Ontario’s new cabinet was sworn-in today (download our quick reference guide to Ontario’s new Cabinet here).  At 30 members, more than half of elected Liberals now sit in Cabinet.  While headlines continue to focus on the size of cabinet, and that women represent 40% of its members, there’s more at play here than echoing Prime Minister Justin Trudeau and appointing Ministers respected for their communications skills.

Geography has as much to do with the composition of Cabinet announced today as gender.  The twist for Premier Kathleen Wynne is that her Cabinet must also take into account the redistribution of seats coming in the 2018 provincial election.

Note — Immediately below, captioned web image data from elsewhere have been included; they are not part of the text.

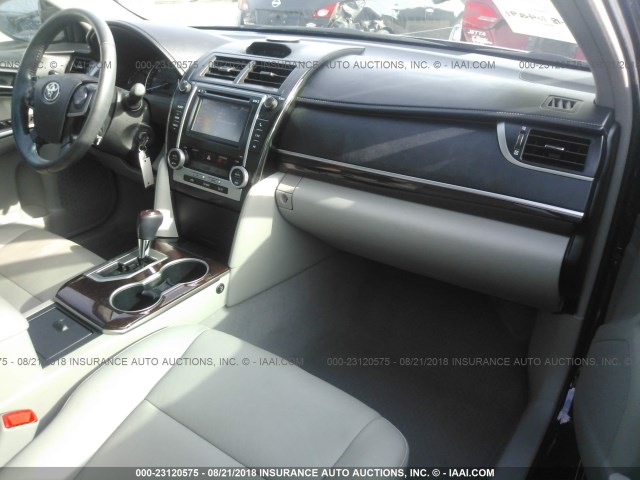 4T1BF1FK5CU121623 - 2012 TOYOTA CAMRY SE/LE/XLE შავი ფოტო 5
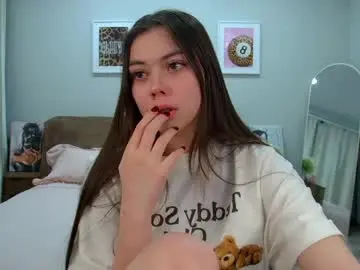 Chaturbate Live Sex Cam of darcymacy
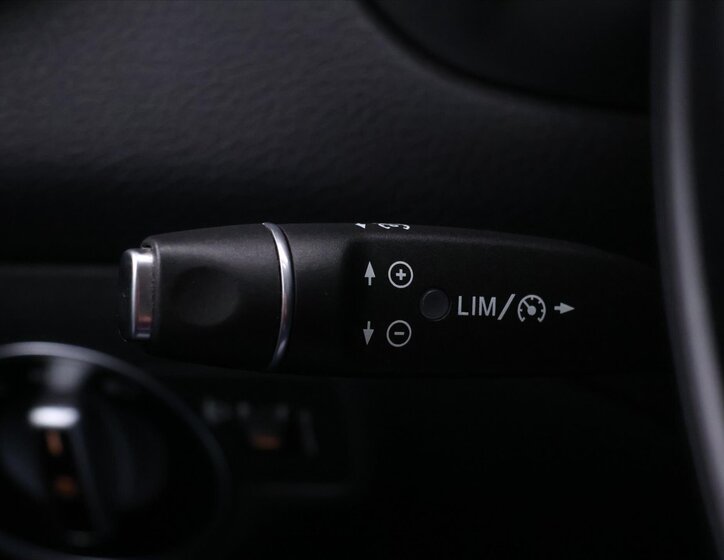 Mercedes-Benz CLA Kombi 1,5 l 80 kw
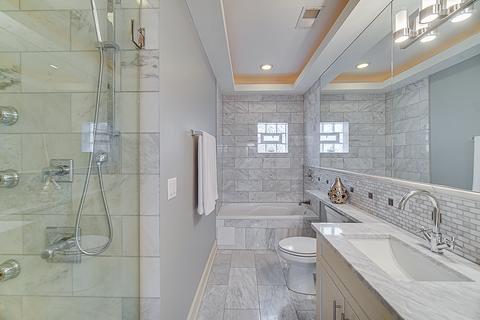 840 E 48th St, Chicago, IL 60615 photo 17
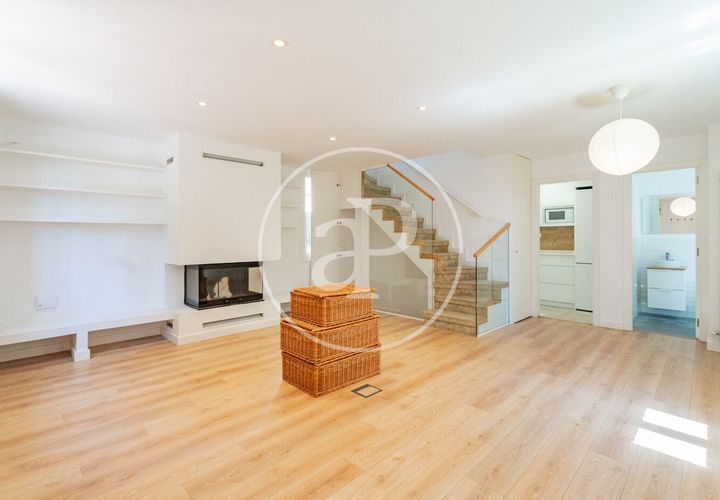 Villa a Madrid, Madrid, Madrid - € 3.100/mes | Ref: AM2606059 - foto 1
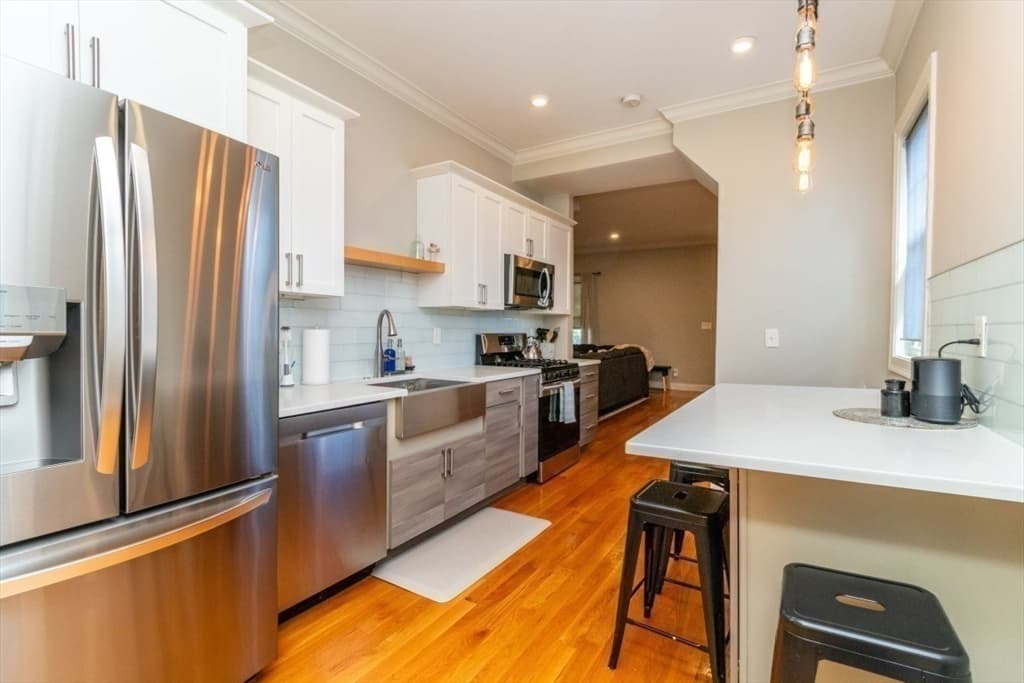 189 Shirley St # 1, Winthrop MA 02152 photo 8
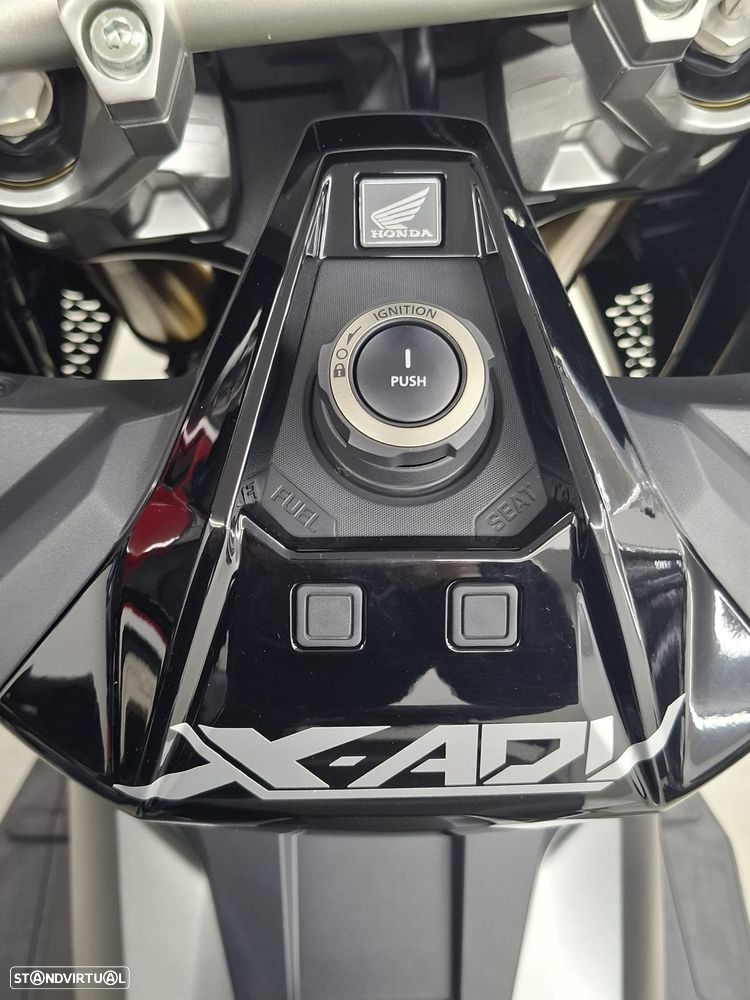 Honda X-ADV 750 - 11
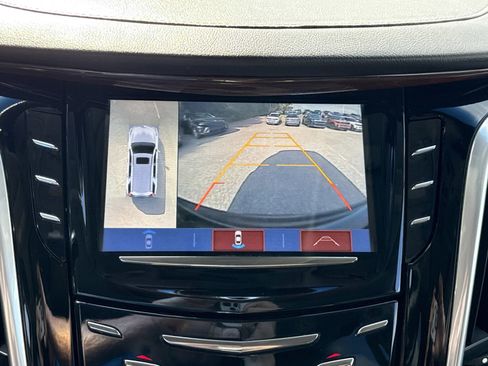 Used 2019 Cadillac Escalade ESV Luxury image 30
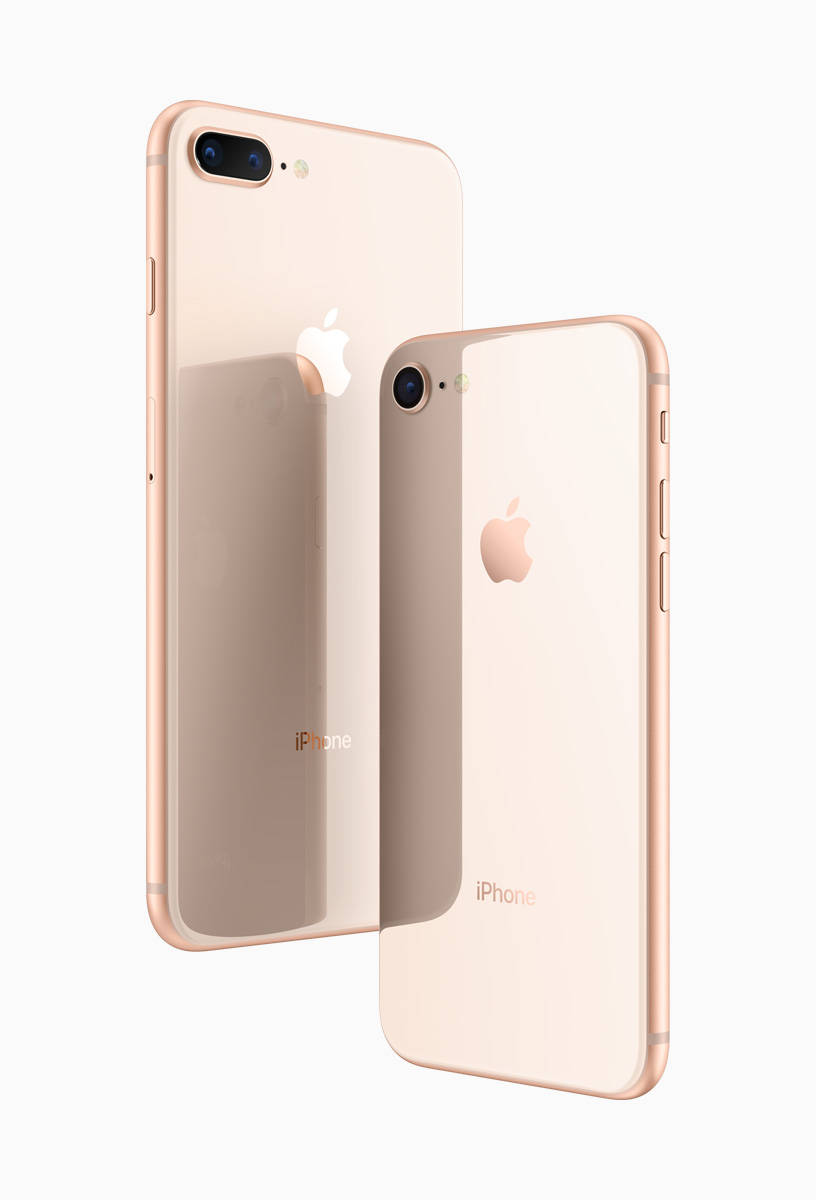 iPhone 8 玫瑰金 壁紙 — 兩部玫瑰金色iPhone傾斜放在純白背景上，展示其光滑玻璃背板和相機設置。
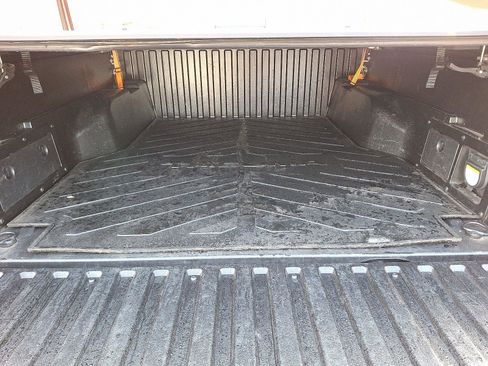 Used 2018 Toyota Tacoma Limited image 29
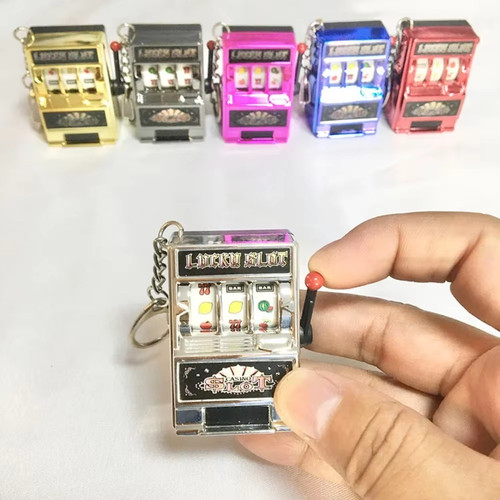 Simple fashion trend keychain - trend,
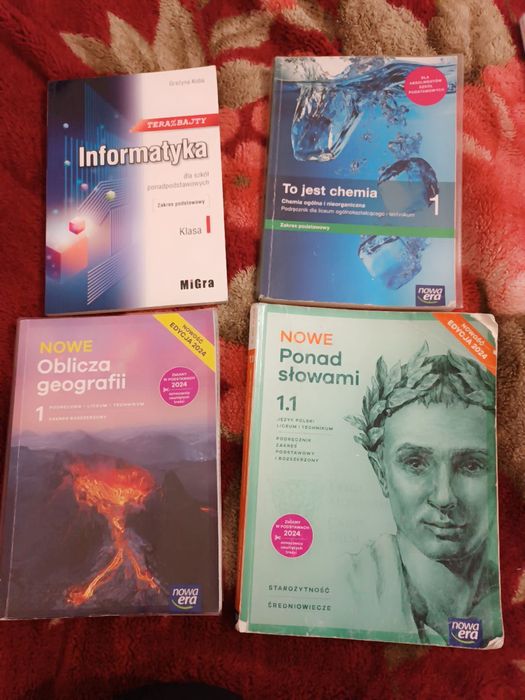 Książki dla pierwszej klasy  technikum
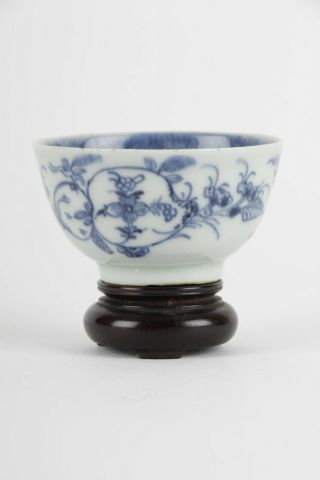18th Century Chinese Cup Kangxi Blue And White Porcelain Mushroom Butterfly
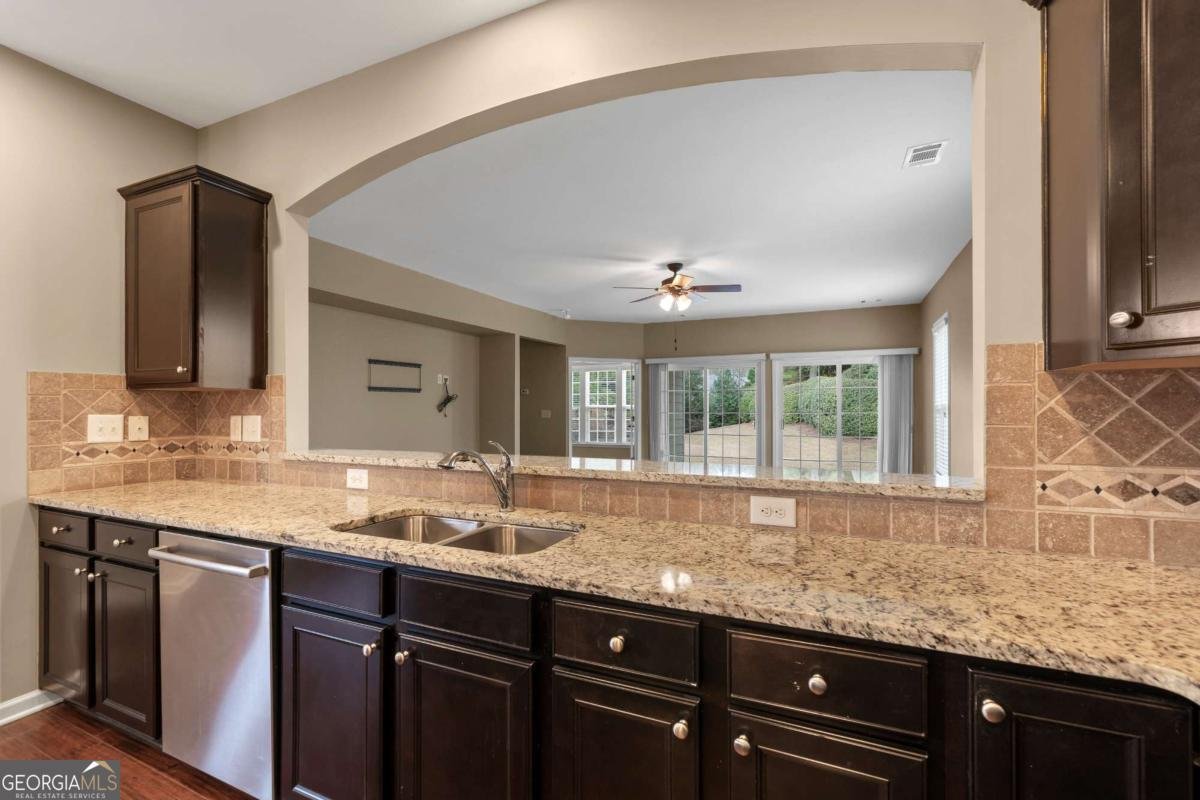 1040 Creekwood Place Greensboro - Photo 11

15 New Ridings in 2018 are Key Targets for Liberals

Six of the seven new Ministers represent areas, particularly the 905, where new seats will be created by redistribution for the next election. (Sudbury may not be seeing an extra seat, but Glenn Thibeault did recently wrestle this seat back from the NDP.)  In the last election, the Liberals made strong gains in Burlington, Halton, Cambridge and Newmarket.  Those new ‘beachheads’ have been strengthened today with an eye, not only to retain those seats, but to improve Liberal chances in many of the 15 new suburban seats that will be up for grabs next election.

Along with strategic geography and demographic signals, the changes to cabinet also reflect individuals’ communications strength. Two former broadcasters, an ex-federal parliamentarian, and a one-time PMO press secretary, are among the seven new Ministers — six of whom are rookie MPPs.

For Kathleen Wynne, re-election demands demonstrating success on priorities and showing the electorate that this government still has energy and new ideas.  Two of the government’s key priorities now have new people at the helm: Infrastructure and the Ontario Retirement Pension Plan (ORPP).

Key Priority Areas Get New Leadership

Infrastructure once again has its own dedicated Minister as Bob Chiarelli returns to his former role.  Delivering on the government’s planned investments, while negotiating with Ottawa on Ontario’s portion of the federal Liberals’ substantial infrastructure budget, requires a solely focused and experienced hand.  With Mitzie Hunter’s promotion to Education, the Ontario Retirement Pension Plan receives a new and equally effective voice in Indira Naidoo-Harris.  A third priority area sees Glen Murray remain in his post at the Ministry of the Environment and Climate Change to implement the government’s new challenging climate change plan. Expect to hear forceful sales pitches on these themes as the election draws nearer.

Premier’s Most Trusted Lieutenant to Tackle Post-Secondary Education and Skills

One policy area may have received a promotion as well.  One needs to look no further than the Premier’s most trusted lieutenant to see where the next top priority of the government may be: Post-Secondary Education (PSE).  Deb Matthews, now taking the helm of an expanded PSE and skills agenda, is arguably the most powerful minister ever in this field.

It is not clear yet what the government has in mind for this economically-critical, big-spending portfolio. But wherever Matthews is on the ice, the puck tends to be there. Significant change and perhaps pre-election promises may be in the offing here.

No Caution on “Bloat’ Risk

In taking an already-large cabinet up to near-record level, Wynne’s Liberals are exposing a flank to Patrick Brown’s strong-performing PCs.  Limited-government advocates will have few voices in this new cabinet, which represents Wynne’s final goodbye to the occasional nods to austerity that characterised Dalton McGuinty’s final term. Whether the continued remodelling of the Liberals as progressive activists works, or simply leaves the door open for Brown’s PCs or an NDP “real thing” argument, will have to await election day in two years’ time.